• **What to produce**
What follows is a listing to transcribe exactly, leaving the pictures out.

• **Dataset excerpt**
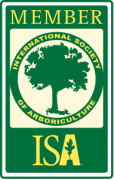 isa-member-1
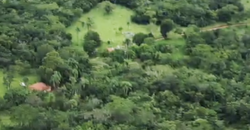 Espetacular Oportunidade! Fazenda de 50 Hectares à Beira do Rio Tocantinzinho – Chapada dos Veadeiros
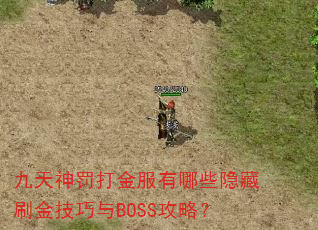 �����񷣴�������Щ����ˢ������BOSS���ԣ�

• **Problem solution**
 isa-member-1
 Espetacular Oportunidade! Fazenda de 50 Hectares à Beira do Rio Tocantinzinho – Chapada dos Veadeiros
 �����񷣴�������Щ����ˢ������BOSS���ԣ�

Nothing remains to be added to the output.